Congress is proposing a 49 percent cut to the National Endowment for the Humanities. If this bothers you because you believe that the government has a responsibility to fund projects that explore our common humanity or do not want to trust the funding of humanities research to corporations and private interests alone, let your voice be heard.
Learn more here.
While this is probably nothing but a tiny microscopic drop in the bucket of government spending, I would ask WHY is it the responsibility of gov'ment to fund such stuff. I certainly find nothing in the Constitution empowering the feds to do it.
I am also amused with the notion that “corporations and private individuals” can't handle this matter. I find government bureaucrats are no more noble, and often less so, in their activities than those in the private sector.
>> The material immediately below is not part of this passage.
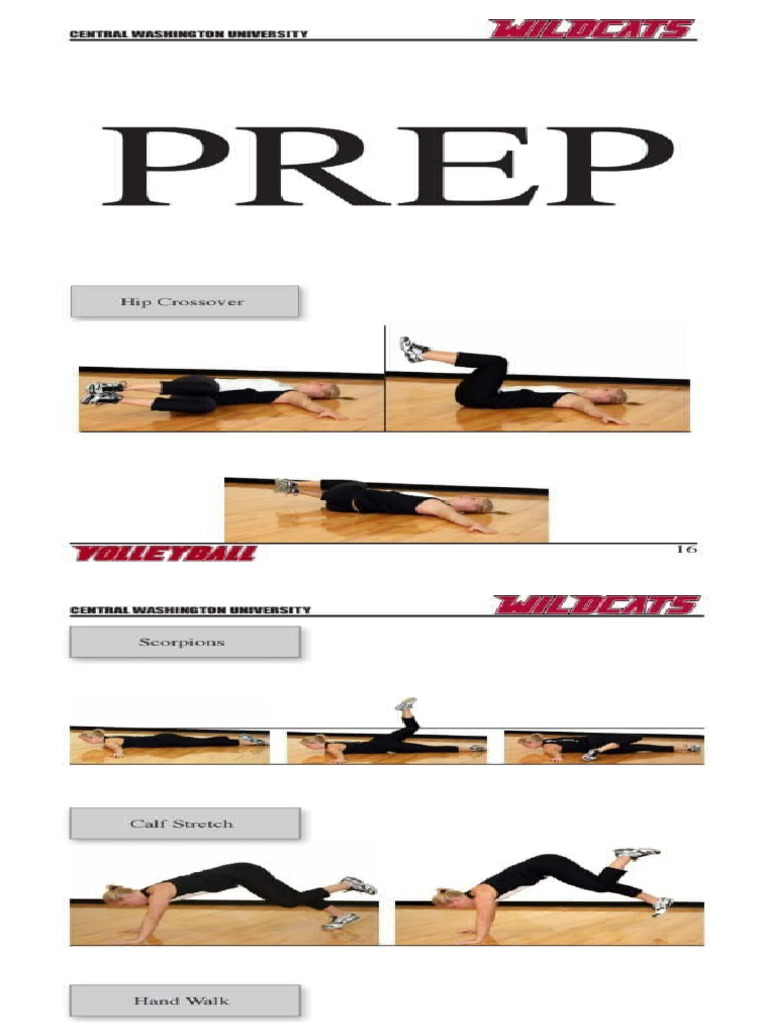 Work Out in Volleyball | PDF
In any case, they are far less accountable and have no vested in interest on how the money is spent since it is not theirs in the first place.
I think a quote by Jefferson on “foreign aid” could be modified to fit this situation:
“[W]hy give through agents whom we know not, to persons whom we know not, and in countries from which we get no account, where we can do it at short hand, to objects under our eye, through agents we know, and to supply wants we see?”
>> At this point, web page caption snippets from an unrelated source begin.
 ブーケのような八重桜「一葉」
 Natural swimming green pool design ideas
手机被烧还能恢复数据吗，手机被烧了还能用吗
Why should we be taxed and our money be given by persons whom we do not know (government bureaucrats) to people we do not know (whomever gets such humanities or other type grants) for projects we do not know and for which there is no accountability to the people (taxpayers) who provided the money in the first place?
The world of humanities and science would not end if we ended such waste in government.
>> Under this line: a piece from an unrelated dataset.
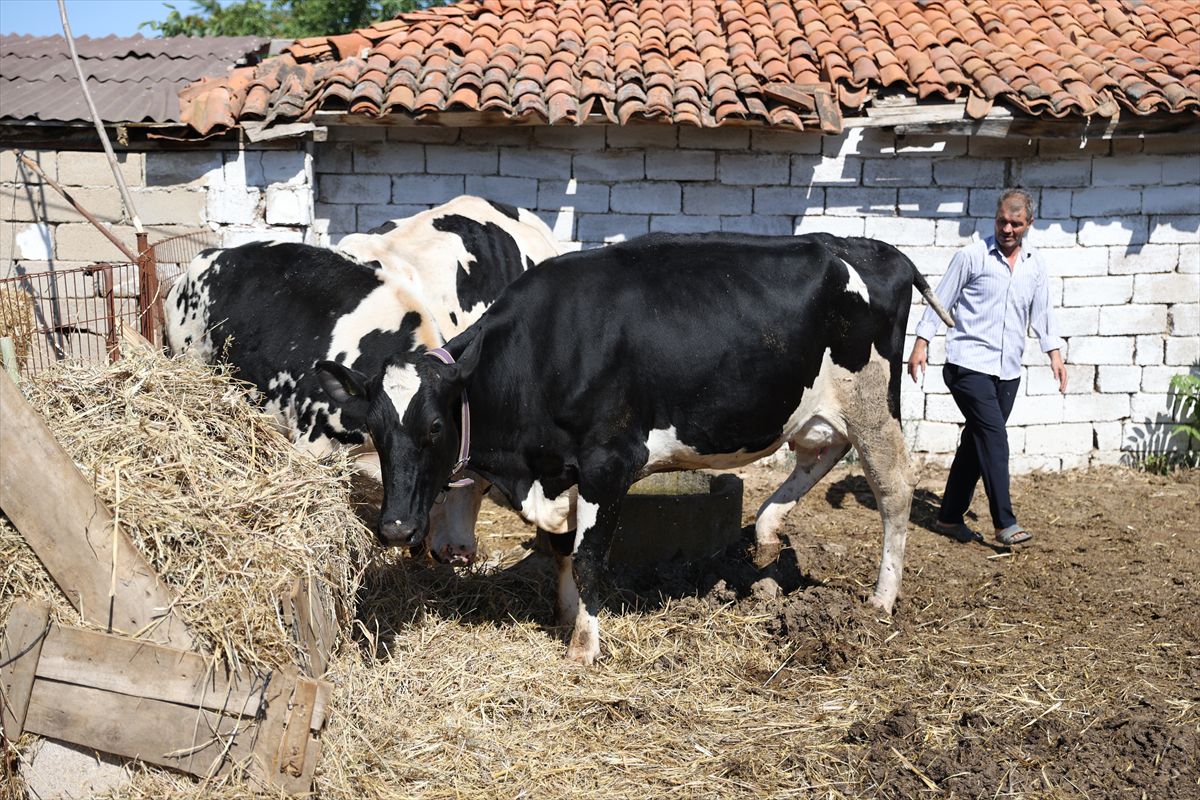 Eski hükümlüye devlet desteğiyle hayvancılık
But again, the amount of money here is trivial, but as a philosophical issue I argue that government has no business meddling in such things.
Why should we be taxed and our money be given by persons whom we do not know (government bureaucrats) to people we do not know (whomever gets such humanities or other type grants) for projects we do not know and for which there is no accountability to the people (taxpayers) who provided the money in the first place?
Ed–Let me know where I can contribute to your congressional campaign. 😉
Ed: Thanks for the post. I am generally with you on this, but, to be frank, I do not trust the private sector to step up and fund humanities. It seems much more interested in promoting professional training and STEM.